Task details:
The lines to reproduce from the material below are those from the one containing "Mobile vintage in legno scuro – 1970" through the one containing "Người tị nạn", both included; write them out exactly and add nothing.

Provided data:
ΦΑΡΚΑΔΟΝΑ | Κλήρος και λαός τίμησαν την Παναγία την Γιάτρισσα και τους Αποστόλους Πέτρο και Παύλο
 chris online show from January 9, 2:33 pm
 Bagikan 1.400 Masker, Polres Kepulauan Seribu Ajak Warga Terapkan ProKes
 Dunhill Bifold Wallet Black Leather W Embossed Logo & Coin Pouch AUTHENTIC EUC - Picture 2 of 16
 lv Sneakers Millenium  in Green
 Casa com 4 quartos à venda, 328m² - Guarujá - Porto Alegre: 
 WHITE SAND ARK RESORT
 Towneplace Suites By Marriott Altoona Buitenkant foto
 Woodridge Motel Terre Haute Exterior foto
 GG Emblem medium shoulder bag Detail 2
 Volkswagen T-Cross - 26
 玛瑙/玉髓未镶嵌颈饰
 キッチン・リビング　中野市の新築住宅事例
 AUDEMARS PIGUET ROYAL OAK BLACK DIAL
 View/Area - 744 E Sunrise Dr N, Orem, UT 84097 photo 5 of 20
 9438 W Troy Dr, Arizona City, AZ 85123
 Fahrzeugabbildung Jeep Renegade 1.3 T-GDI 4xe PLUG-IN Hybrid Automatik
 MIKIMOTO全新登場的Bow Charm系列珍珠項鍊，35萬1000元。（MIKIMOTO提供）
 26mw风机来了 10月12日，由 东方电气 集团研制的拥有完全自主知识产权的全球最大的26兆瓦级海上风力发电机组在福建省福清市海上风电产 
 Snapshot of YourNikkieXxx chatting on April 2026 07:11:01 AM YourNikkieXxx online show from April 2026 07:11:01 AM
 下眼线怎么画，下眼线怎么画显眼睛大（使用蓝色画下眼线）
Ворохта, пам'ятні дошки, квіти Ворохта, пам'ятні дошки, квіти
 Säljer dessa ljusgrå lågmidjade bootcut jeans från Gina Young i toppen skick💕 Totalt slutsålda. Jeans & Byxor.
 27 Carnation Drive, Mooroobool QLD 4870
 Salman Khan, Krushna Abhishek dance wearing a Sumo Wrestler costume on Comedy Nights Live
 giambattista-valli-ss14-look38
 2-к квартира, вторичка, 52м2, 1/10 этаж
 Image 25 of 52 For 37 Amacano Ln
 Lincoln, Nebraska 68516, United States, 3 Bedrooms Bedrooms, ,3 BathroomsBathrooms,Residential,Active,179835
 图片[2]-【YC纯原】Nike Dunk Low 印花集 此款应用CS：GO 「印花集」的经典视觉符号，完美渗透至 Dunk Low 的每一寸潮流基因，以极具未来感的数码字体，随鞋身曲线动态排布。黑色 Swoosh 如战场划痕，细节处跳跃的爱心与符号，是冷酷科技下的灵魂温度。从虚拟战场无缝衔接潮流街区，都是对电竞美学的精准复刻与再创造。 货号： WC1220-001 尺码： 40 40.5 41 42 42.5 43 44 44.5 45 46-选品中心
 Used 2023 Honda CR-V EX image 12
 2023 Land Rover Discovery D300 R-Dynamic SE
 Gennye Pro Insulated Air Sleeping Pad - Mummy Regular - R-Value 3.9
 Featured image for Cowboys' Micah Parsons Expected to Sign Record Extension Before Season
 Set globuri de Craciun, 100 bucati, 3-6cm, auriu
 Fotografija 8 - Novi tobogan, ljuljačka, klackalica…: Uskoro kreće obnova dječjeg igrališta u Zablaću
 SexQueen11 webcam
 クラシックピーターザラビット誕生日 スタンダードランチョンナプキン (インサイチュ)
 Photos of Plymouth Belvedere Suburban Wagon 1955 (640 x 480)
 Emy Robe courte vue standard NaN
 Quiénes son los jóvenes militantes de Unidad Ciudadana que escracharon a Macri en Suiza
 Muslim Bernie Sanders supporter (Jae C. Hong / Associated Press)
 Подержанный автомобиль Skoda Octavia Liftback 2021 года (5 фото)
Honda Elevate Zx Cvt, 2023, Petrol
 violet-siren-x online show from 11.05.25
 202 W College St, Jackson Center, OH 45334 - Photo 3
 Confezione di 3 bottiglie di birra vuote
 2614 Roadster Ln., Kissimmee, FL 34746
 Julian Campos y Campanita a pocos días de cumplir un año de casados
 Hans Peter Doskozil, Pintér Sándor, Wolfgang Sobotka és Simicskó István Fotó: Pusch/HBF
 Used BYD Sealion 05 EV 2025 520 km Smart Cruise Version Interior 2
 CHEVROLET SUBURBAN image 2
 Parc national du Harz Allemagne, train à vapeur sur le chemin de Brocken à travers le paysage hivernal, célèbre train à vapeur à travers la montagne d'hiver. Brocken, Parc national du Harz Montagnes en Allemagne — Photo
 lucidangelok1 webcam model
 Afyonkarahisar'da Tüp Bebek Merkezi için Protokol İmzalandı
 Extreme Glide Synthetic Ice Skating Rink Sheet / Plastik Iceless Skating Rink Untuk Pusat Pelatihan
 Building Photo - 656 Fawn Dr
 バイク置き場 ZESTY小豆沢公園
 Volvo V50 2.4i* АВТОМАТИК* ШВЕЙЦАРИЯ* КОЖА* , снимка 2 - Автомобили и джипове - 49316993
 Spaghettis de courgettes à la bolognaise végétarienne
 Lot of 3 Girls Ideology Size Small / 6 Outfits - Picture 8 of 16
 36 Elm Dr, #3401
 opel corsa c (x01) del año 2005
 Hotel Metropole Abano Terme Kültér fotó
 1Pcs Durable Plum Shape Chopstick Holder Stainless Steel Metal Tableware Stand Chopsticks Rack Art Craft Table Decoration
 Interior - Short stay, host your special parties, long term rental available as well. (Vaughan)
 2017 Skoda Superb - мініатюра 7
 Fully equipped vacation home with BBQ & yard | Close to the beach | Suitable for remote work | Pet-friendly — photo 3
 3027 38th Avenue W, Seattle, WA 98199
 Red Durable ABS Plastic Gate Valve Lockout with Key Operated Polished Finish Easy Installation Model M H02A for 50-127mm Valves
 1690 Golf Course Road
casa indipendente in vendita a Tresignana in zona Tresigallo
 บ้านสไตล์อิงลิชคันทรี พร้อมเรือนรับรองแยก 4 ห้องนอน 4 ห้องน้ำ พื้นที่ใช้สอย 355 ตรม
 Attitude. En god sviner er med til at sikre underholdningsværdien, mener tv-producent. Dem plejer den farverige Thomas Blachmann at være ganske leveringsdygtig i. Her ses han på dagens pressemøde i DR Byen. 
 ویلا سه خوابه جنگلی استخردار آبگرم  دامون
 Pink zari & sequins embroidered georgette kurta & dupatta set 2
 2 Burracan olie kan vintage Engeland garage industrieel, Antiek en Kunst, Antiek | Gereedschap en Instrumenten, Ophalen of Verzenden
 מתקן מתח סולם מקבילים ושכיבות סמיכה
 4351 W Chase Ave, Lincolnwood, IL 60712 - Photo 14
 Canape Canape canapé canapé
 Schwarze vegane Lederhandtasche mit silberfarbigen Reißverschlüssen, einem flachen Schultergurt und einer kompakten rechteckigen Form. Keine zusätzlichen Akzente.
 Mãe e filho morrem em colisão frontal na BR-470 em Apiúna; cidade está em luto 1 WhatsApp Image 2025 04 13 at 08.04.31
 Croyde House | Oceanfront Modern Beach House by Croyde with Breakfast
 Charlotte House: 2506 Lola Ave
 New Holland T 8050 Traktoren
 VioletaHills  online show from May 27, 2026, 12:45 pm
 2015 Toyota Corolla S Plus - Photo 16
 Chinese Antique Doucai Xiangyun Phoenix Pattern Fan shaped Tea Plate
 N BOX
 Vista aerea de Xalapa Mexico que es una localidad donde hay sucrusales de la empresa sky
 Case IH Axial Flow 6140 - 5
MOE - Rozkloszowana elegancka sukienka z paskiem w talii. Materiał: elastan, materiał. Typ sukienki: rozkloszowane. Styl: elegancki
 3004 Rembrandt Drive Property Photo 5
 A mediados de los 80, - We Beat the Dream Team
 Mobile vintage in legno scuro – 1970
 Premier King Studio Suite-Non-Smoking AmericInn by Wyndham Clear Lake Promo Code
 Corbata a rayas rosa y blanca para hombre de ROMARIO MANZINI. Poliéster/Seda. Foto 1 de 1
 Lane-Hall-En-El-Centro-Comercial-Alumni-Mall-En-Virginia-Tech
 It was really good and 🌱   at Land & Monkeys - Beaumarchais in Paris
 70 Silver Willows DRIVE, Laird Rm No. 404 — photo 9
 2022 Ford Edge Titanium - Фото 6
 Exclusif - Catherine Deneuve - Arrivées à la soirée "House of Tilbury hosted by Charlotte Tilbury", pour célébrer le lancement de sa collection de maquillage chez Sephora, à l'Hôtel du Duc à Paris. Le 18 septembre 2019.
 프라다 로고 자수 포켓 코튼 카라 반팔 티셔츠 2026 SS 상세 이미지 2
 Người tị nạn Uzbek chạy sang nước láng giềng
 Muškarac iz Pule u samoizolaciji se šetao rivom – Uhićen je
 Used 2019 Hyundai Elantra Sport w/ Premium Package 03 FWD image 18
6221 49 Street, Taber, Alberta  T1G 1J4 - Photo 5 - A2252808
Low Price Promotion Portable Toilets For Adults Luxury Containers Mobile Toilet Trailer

Response area:
 Mobile vintage in legno scuro – 1970
 Premier King Studio Suite-Non-Smoking AmericInn by Wyndham Clear Lake Promo Code
 Corbata a rayas rosa y blanca para hombre de ROMARIO MANZINI. Poliéster/Seda. Foto 1 de 1
 Lane-Hall-En-El-Centro-Comercial-Alumni-Mall-En-Virginia-Tech
 It was really good and 🌱   at Land & Monkeys - Beaumarchais in Paris
 70 Silver Willows DRIVE, Laird Rm No. 404 — photo 9
 2022 Ford Edge Titanium - Фото 6
 Exclusif - Catherine Deneuve - Arrivées à la soirée "House of Tilbury hosted by Charlotte Tilbury", pour célébrer le lancement de sa collection de maquillage chez Sephora, à l'Hôtel du Duc à Paris. Le 18 septembre 2019.
 프라다 로고 자수 포켓 코튼 카라 반팔 티셔츠 2026 SS 상세 이미지 2
 Người tị nạn Uzbek chạy sang nước láng giềng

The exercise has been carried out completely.